What the task asks
Retype the listing below line for line, but only from the line with "#800KBeSideAlwaysEST" down to the line with "Бягството на афганистанския", inclusive. Pictures stay out.

========================================================================

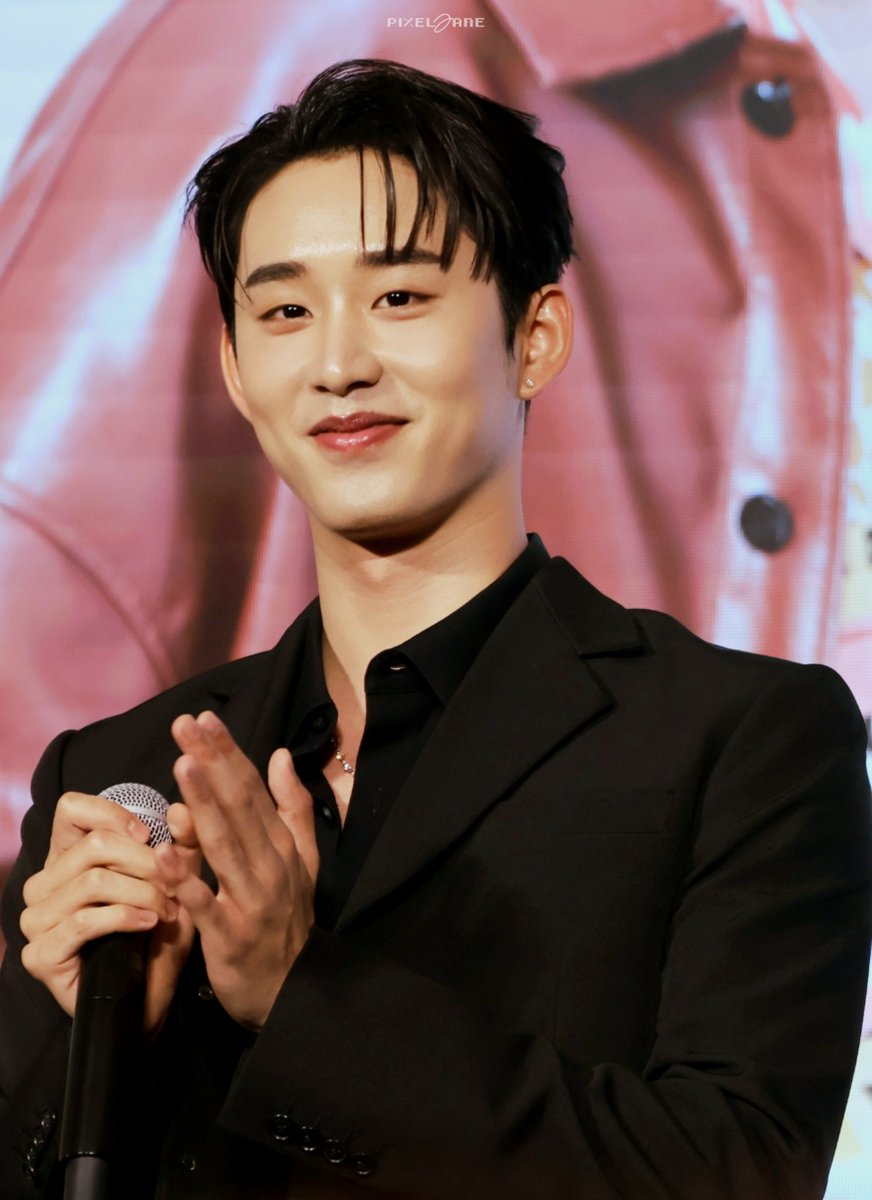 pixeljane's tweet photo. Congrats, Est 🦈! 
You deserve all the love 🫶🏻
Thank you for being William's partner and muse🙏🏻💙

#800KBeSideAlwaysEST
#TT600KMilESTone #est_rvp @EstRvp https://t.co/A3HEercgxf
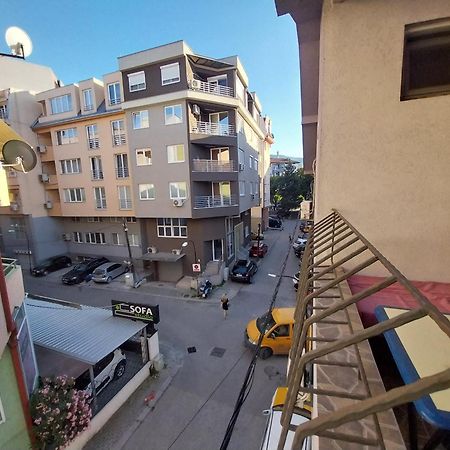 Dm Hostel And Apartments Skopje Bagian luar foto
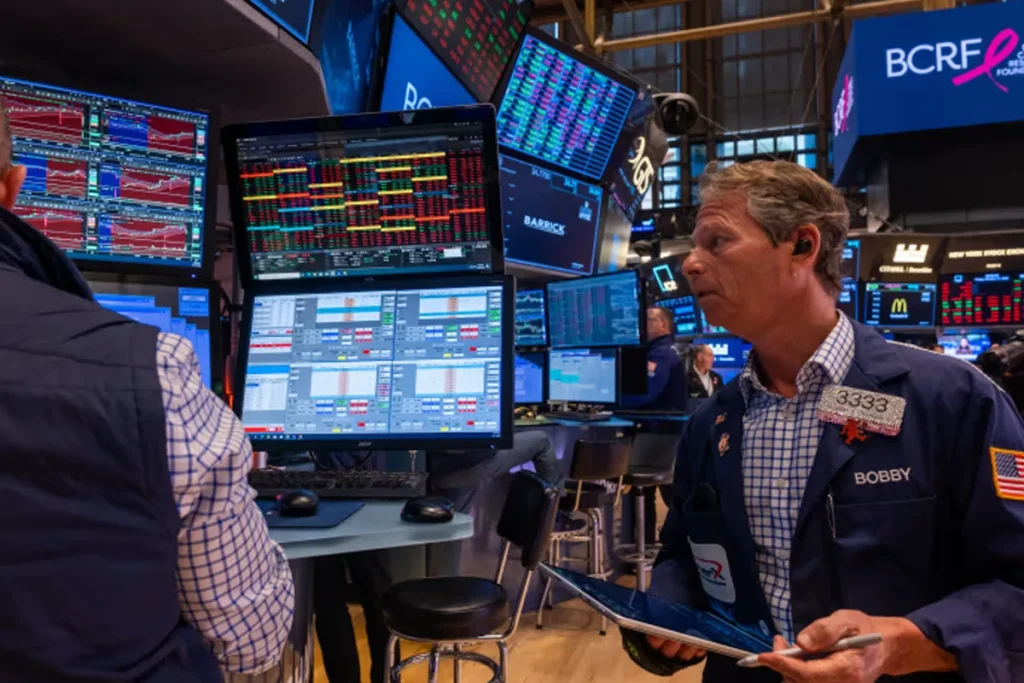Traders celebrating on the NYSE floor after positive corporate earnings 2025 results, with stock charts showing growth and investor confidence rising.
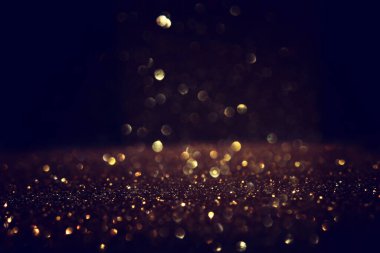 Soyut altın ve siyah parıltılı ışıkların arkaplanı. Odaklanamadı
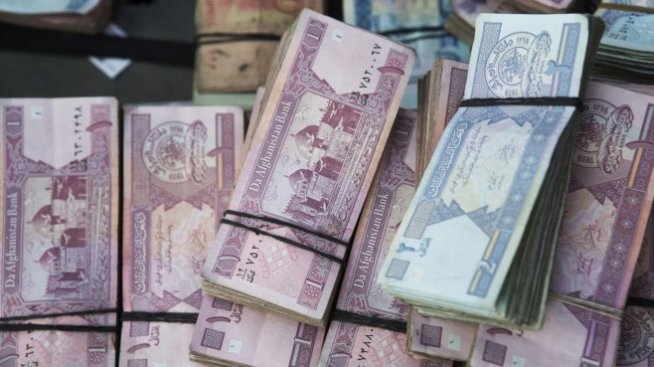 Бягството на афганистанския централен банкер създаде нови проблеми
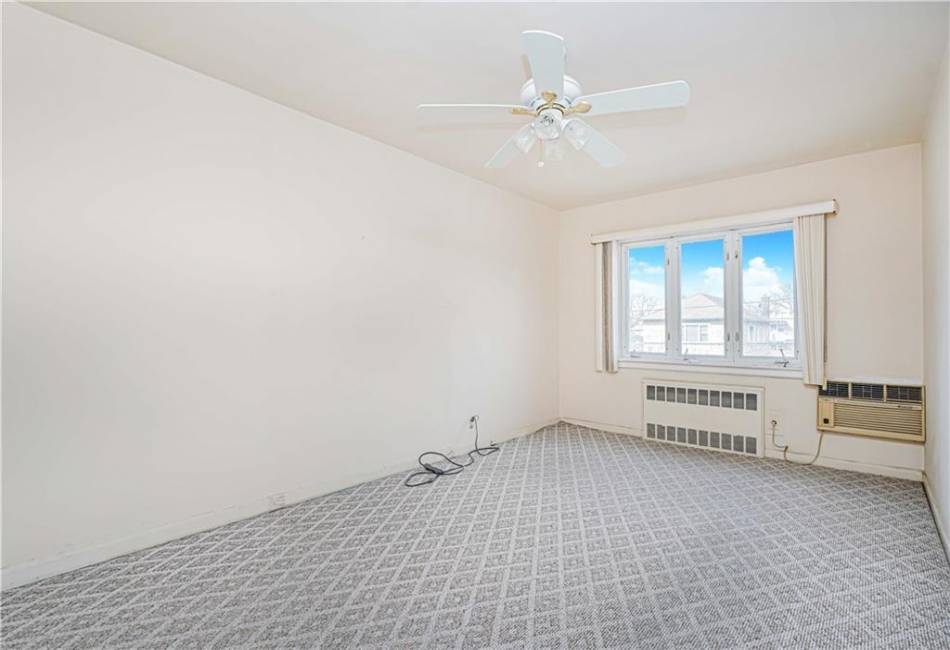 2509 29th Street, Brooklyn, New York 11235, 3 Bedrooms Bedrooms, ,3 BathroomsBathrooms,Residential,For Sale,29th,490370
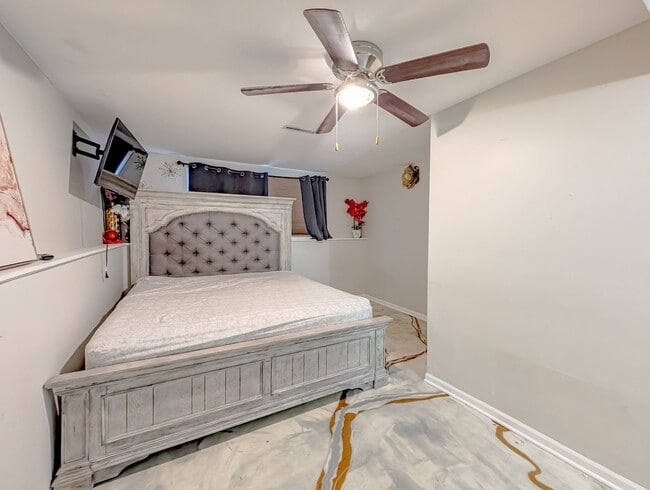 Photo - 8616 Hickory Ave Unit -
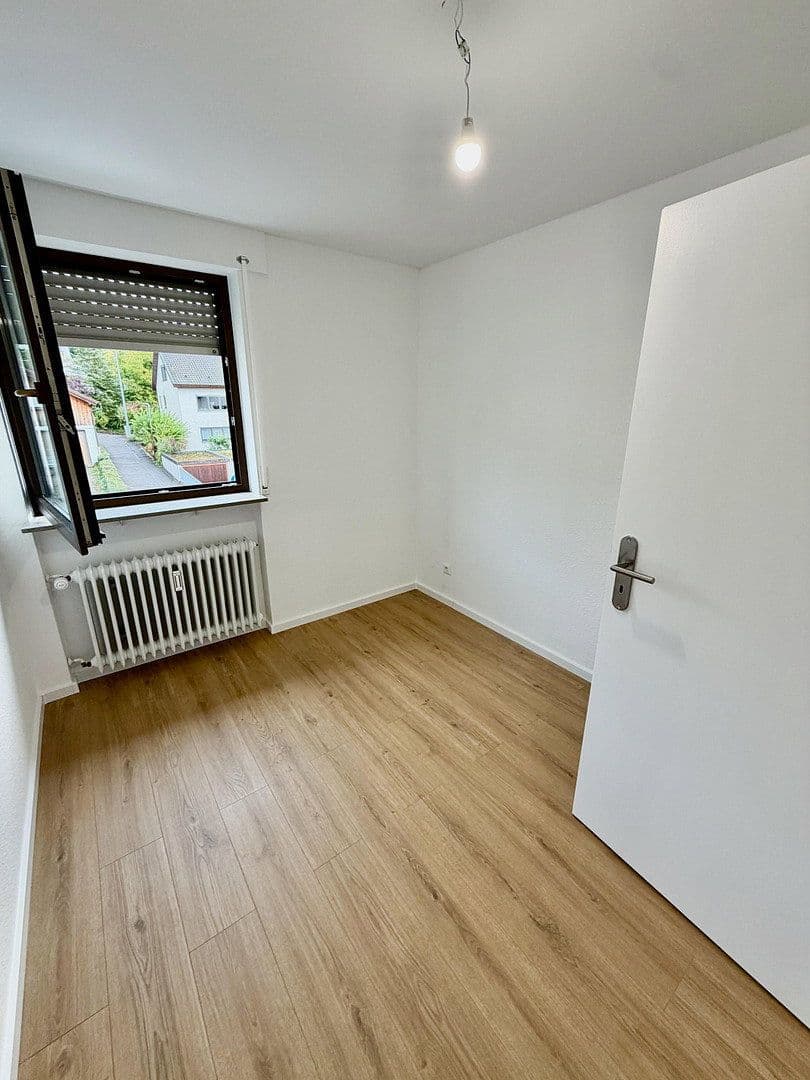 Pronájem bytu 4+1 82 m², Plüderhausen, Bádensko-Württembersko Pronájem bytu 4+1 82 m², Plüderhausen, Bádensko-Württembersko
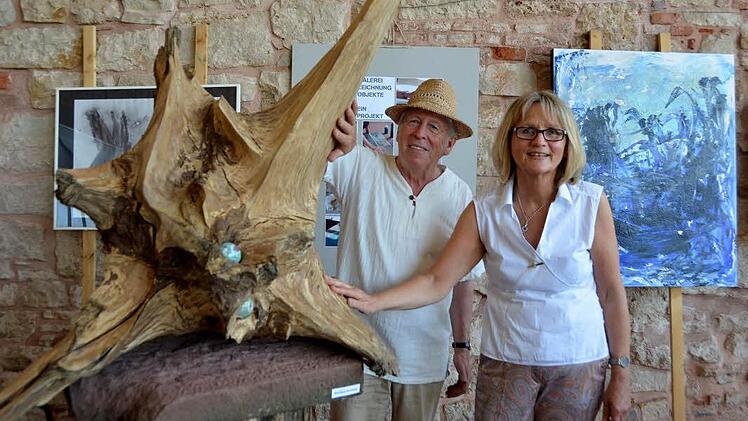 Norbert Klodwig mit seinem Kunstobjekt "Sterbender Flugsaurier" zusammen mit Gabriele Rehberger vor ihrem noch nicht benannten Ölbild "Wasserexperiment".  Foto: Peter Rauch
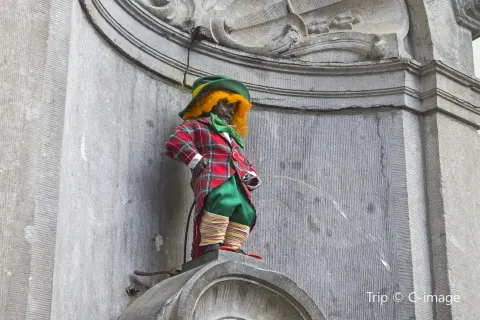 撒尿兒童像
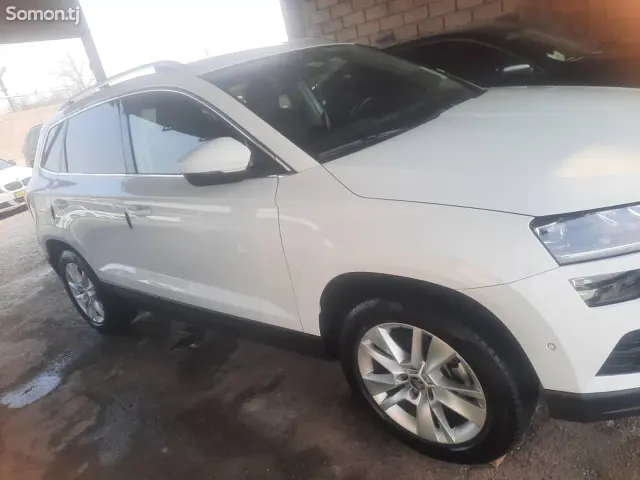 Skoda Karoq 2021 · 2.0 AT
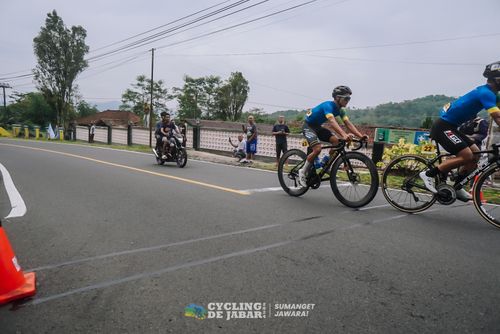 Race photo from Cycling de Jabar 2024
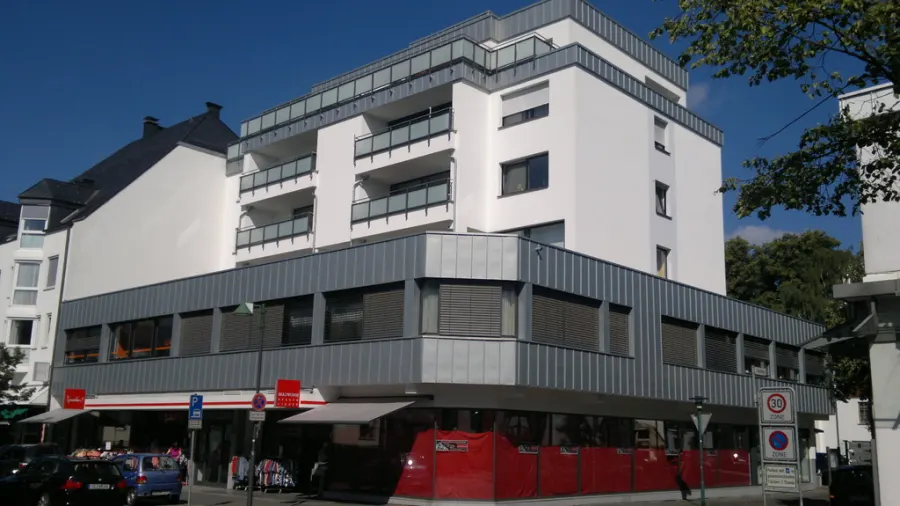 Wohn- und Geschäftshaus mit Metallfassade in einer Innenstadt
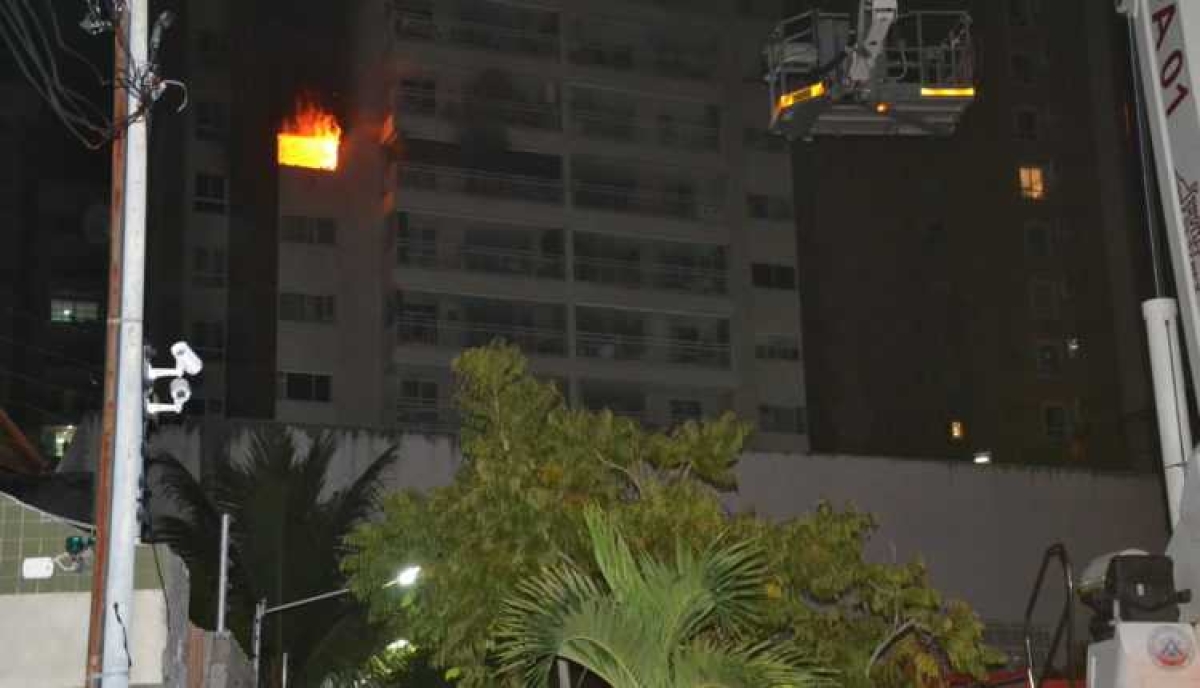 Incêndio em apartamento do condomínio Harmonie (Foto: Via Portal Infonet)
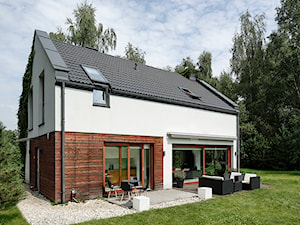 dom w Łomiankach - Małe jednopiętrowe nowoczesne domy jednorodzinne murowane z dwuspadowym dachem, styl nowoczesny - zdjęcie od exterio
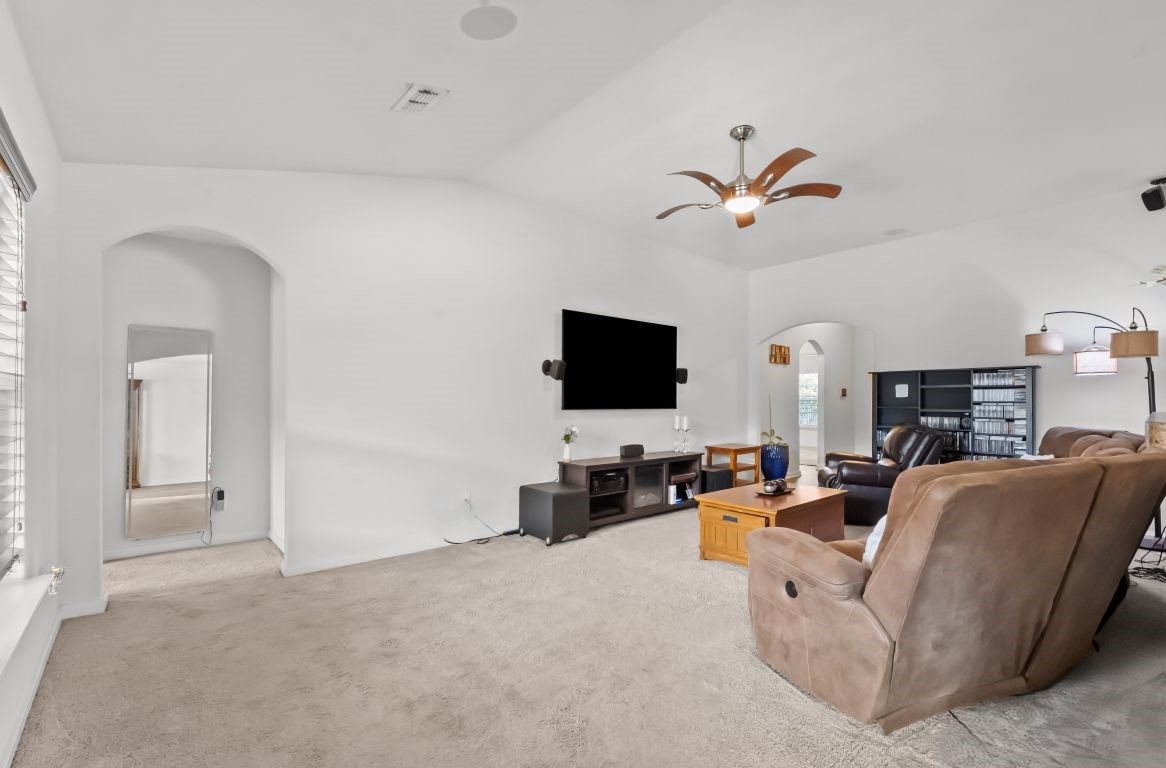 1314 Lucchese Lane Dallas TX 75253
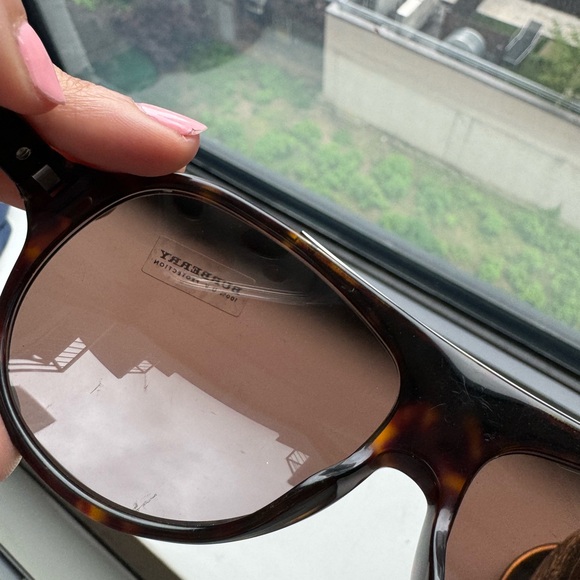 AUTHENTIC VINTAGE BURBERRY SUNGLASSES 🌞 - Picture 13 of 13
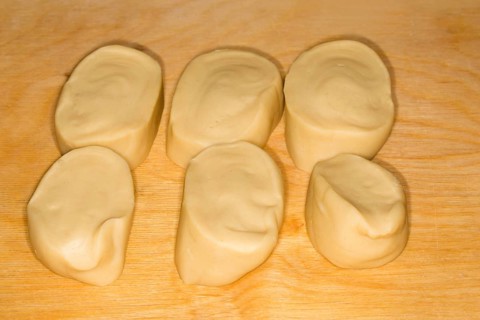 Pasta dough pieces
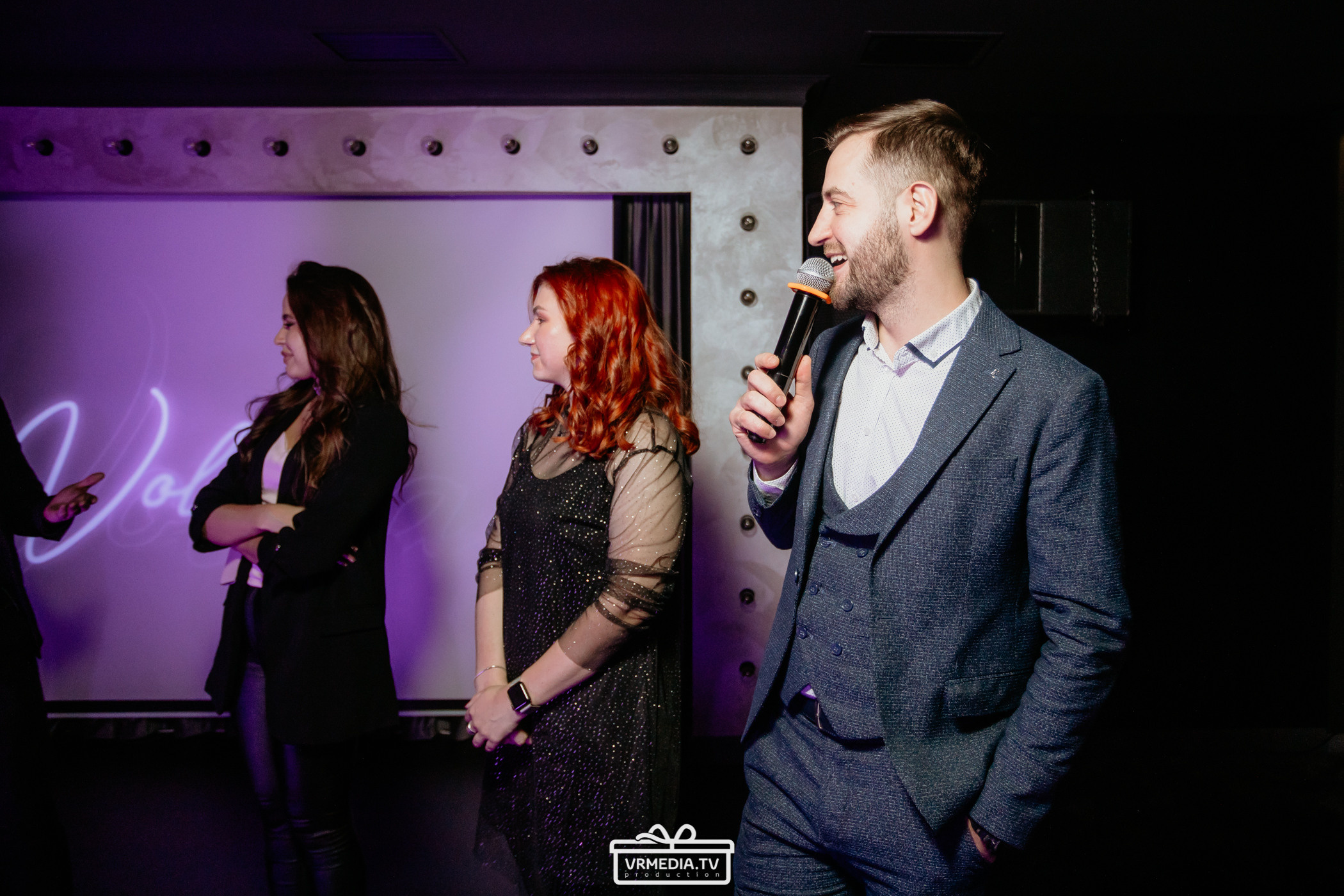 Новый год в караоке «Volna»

========================================================================

Written response
#800KBeSideAlwaysEST
#TT600KMilESTone #est_rvp @EstRvp https://t.co/A3HEercgxf
 Dm Hostel And Apartments Skopje Bagian luar foto
Traders celebrating on the NYSE floor after positive corporate earnings 2025 results, with stock charts showing growth and investor confidence rising.
 Soyut altın ve siyah parıltılı ışıkların arkaplanı. Odaklanamadı
 Бягството на афганистанския централен банкер създаде нови проблеми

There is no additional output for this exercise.